— EXERCISE INSTRUCTIONS —
Your reply should consist of the entries, copied exactly and stripped of images.

— DATA PROVIDED —
======

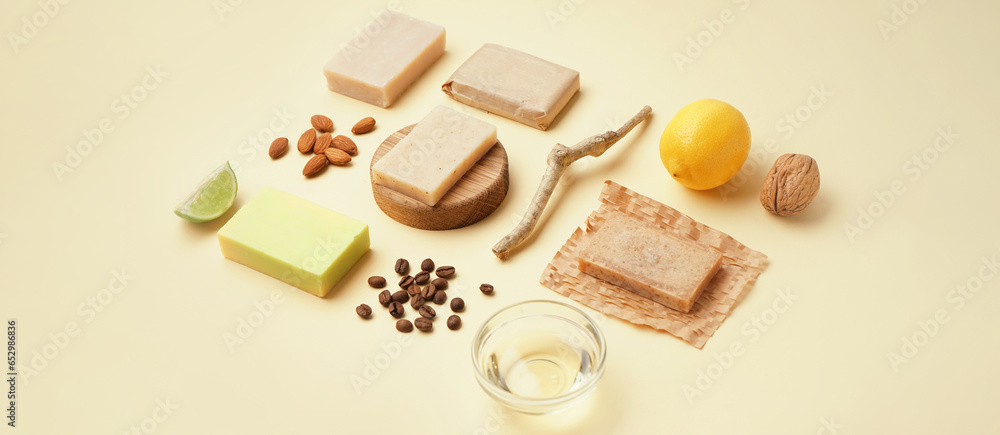 Composition with soap bars and natural ingredients on beige background Composition with soap bars and natural ingredients on beige background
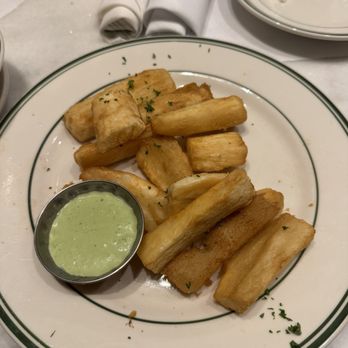 Sazon Cuban Cuisine - 6 Pieces Yuca Frita con Salsa de Cilantro - Cuban Near Me - Miami Beach, Florida Sazon Cuban Cuisine - 6 Pieces Yuca Frita con Salsa de Cilantro - Cuban Near Me - Miami Beach, Florida
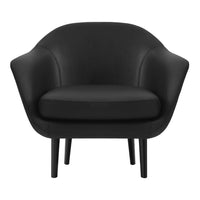 Short black accent chair with smooth fabric and rounded curves. Sleek black legs enhance modern aesthetic.
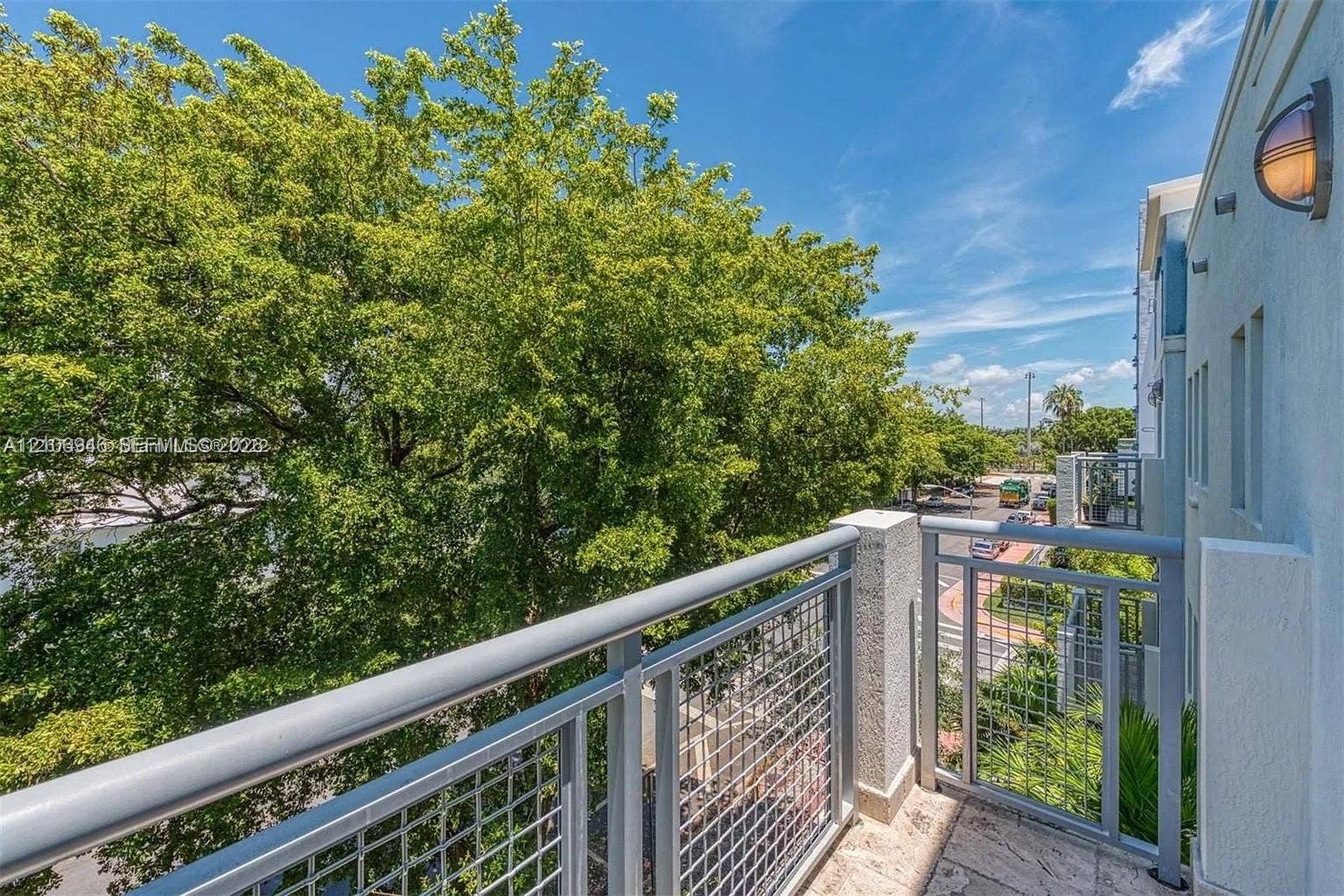 Exterior balcony featuring metal railings with grid-patterned panels, stone flooring, and wall-mounted exterior lighting
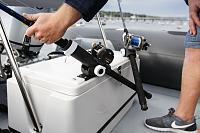 Multi-purpose rear bench. Live bait well & rod holders with detachable cushion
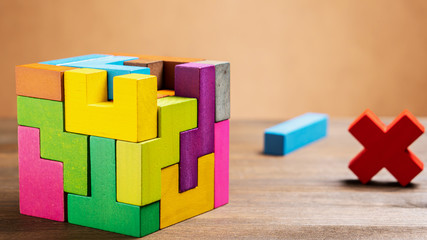 Missed items are seting in the colorful wooden cube puzzle on the brown table. Geometric shapes on...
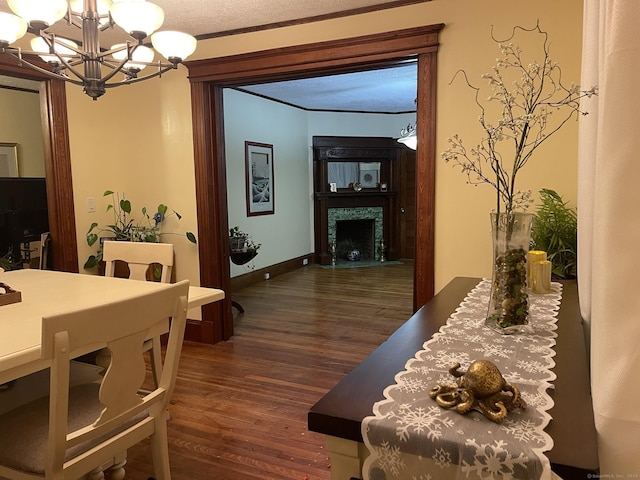 dining area featuring crown molding, dark hardwood / wood-style flooring, a chandelier, and a textured ceiling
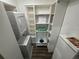 Stackable washer and dryer with ample shelving at 224 6Th N Ave # 12, St Petersburg, FL 33701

======

— RESPONSE FOR THIS EXERCISE —
 Composition with soap bars and natural ingredients on beige background Composition with soap bars and natural ingredients on beige background
 Sazon Cuban Cuisine - 6 Pieces Yuca Frita con Salsa de Cilantro - Cuban Near Me - Miami Beach, Florida Sazon Cuban Cuisine - 6 Pieces Yuca Frita con Salsa de Cilantro - Cuban Near Me - Miami Beach, Florida
 Short black accent chair with smooth fabric and rounded curves. Sleek black legs enhance modern aesthetic.
 Exterior balcony featuring metal railings with grid-patterned panels, stone flooring, and wall-mounted exterior lighting
 Multi-purpose rear bench. Live bait well & rod holders with detachable cushion
 Missed items are seting in the colorful wooden cube puzzle on the brown table. Geometric shapes on...
 dining area featuring crown molding, dark hardwood / wood-style flooring, a chandelier, and a textured ceiling
 Stackable washer and dryer with ample shelving at 224 6Th N Ave # 12, St Petersburg, FL 33701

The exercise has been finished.